Aspirin Induces Mitochondrial Ca(2+) Remodeling in Tumor Cells via ROS‒Depolarization‒Voltage-Gated Ca(2+) Entry

Aspirin (acetylsalicylic acid) and its metabolite salicylate, have an anti-melanoma effect by evoking mitochondrial dysfunction through poorly understood mechanisms. Depolarization of the plasma membrane potential leads to voltage-gated Ca(2+) entry (VGCE) and caspase-3 activation. In the present study, we investigated the role of depolarization and VGCE in aspirin’s anti-melanoma effect. Aspirin and to a lesser extent, salicylate (≥2.5 mM) induced a rapid (within seconds) depolarization, while they caused comparable levels of depolarization with a lag of 2~4 h. Reactive oxygen species (ROS) generation also occurred in the two-time points, and antioxidants abolished the early ROS generation and depolarization.

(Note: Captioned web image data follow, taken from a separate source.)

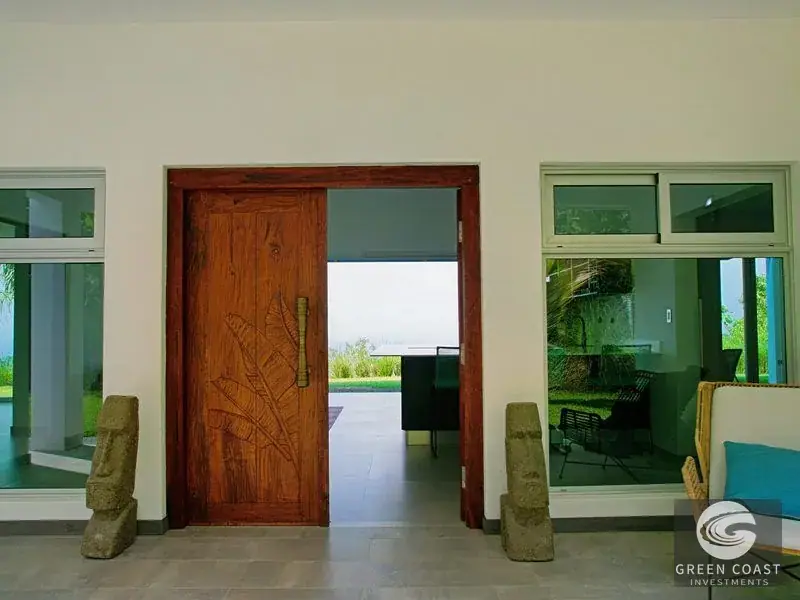 Uvita Luxury Jungle Villa with Panoramic Whale's Tail Ocean Views — view 6, Uvita, Costa Rica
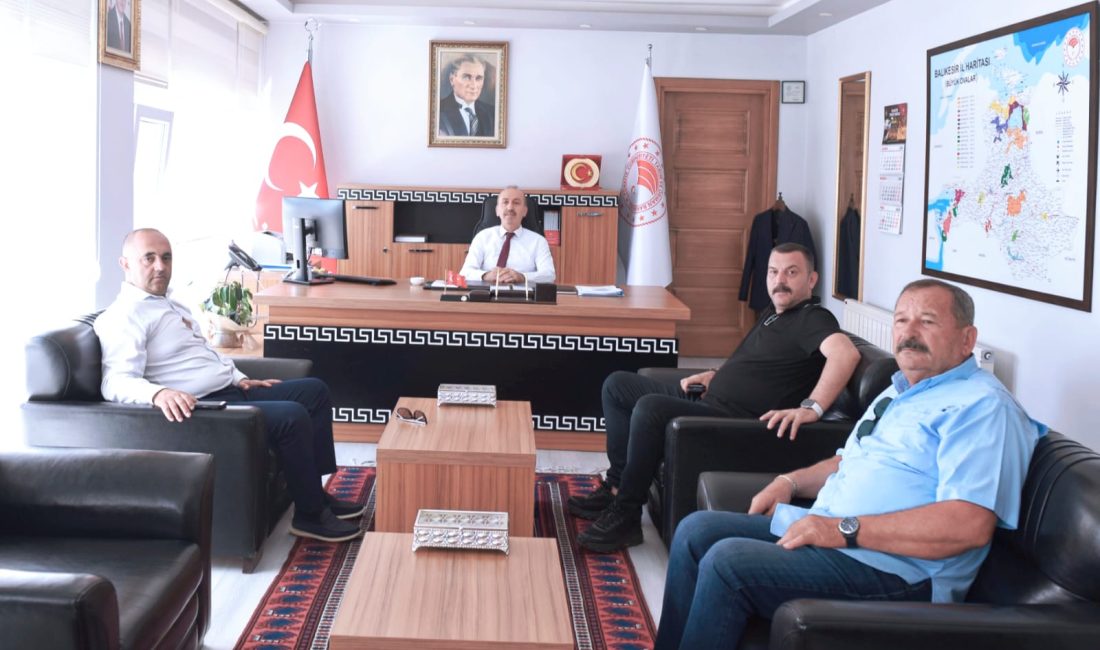 Bandırma, Gönen ve Susurluk Ziraat Odası başkanları, Balıkesir İl Tarım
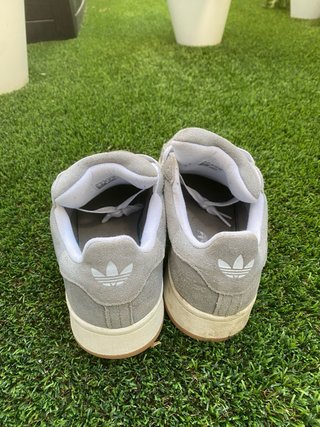 Zapatillas Adidas Campus Grises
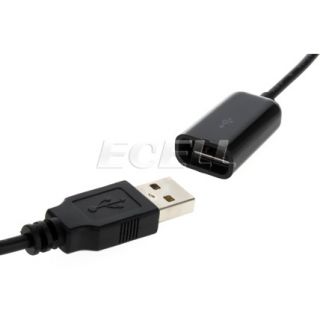 Black Samsung Dock Connector to USB Adapter Converter for Galaxy Tab 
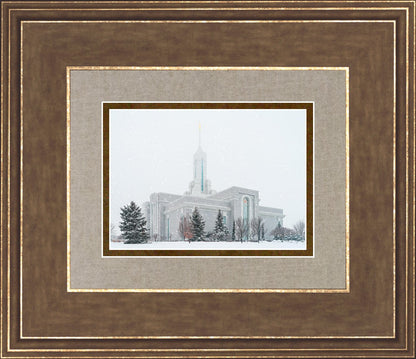 Mount Timpanogos Winter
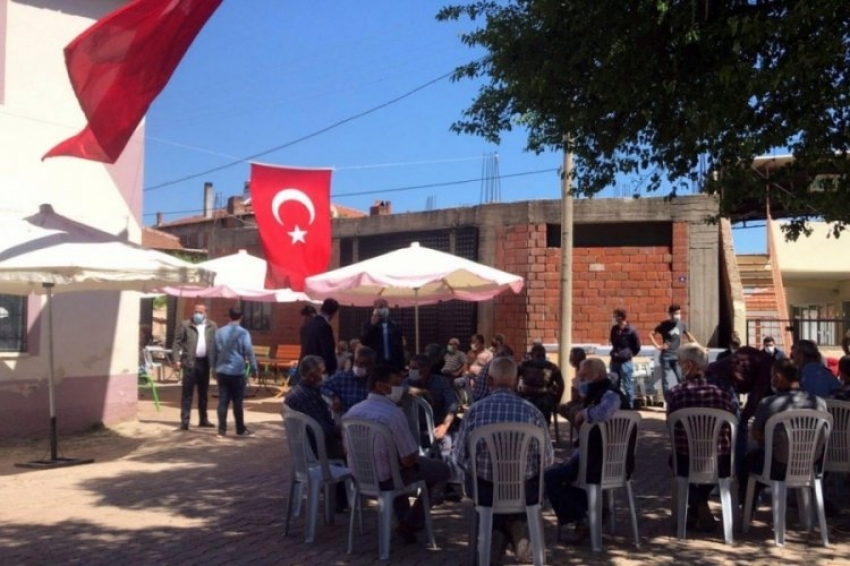 Şehit ateşi Manisa'ya düştü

At the same concentrations, the two drugs induced apoptotic and necrotic cell death in a caspase-independent manner, and antioxidants and Ca(2+) channel blockers prevented cell death. Besides ROS generation, reduced mitochondrial Ca(2+) (Ca(2+)(m)) and mitochondrial membrane potential preceded cell death. Moreover, the cells expressed the Ca(v)1.2 isoform of l-type Ca(2+) channel, and knockdown of Ca(v)1.2 abolished the decrease in Ca(2+)(m). Our findings suggest that aspirin and salicylate induce Ca(2+)(m) remodeling, mitochondrial dysfunction, and cell death via ROS-dependent depolarization and VGCE activation.